## ACTIVITY
Read the records and gather each line that includes "Trend".

(DATA SHOWN begins)

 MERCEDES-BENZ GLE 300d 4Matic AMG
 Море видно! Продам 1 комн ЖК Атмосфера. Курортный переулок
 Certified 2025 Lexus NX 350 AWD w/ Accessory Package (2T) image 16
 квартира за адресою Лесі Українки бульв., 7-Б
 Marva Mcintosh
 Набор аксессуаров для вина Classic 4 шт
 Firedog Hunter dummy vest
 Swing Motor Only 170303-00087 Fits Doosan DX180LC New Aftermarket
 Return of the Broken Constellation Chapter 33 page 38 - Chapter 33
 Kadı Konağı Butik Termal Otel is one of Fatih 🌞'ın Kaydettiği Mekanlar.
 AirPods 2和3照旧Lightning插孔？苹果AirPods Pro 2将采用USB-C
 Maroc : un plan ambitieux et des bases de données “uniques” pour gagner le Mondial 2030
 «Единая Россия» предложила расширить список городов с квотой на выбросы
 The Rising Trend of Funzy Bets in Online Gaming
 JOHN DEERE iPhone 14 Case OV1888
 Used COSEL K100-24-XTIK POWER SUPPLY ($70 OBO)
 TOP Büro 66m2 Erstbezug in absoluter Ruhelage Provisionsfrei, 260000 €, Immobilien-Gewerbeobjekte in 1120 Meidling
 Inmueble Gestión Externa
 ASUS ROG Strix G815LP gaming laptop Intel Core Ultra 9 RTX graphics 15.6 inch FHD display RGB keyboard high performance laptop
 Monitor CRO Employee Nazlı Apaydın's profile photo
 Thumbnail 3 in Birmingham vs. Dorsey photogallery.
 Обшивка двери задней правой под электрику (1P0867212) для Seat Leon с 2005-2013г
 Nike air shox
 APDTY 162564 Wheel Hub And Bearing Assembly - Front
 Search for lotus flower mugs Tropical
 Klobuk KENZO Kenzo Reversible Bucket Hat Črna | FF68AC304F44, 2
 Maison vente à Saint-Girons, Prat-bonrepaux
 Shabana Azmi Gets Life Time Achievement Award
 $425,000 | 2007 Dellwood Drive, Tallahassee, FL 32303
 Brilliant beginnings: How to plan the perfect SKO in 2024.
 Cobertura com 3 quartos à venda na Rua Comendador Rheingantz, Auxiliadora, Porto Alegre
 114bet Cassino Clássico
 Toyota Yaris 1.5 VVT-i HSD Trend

(DATA SHOWN ends)

## SOLUTION
 The Rising Trend of Funzy Bets in Online Gaming
 Toyota Yaris 1.5 VVT-i HSD Trend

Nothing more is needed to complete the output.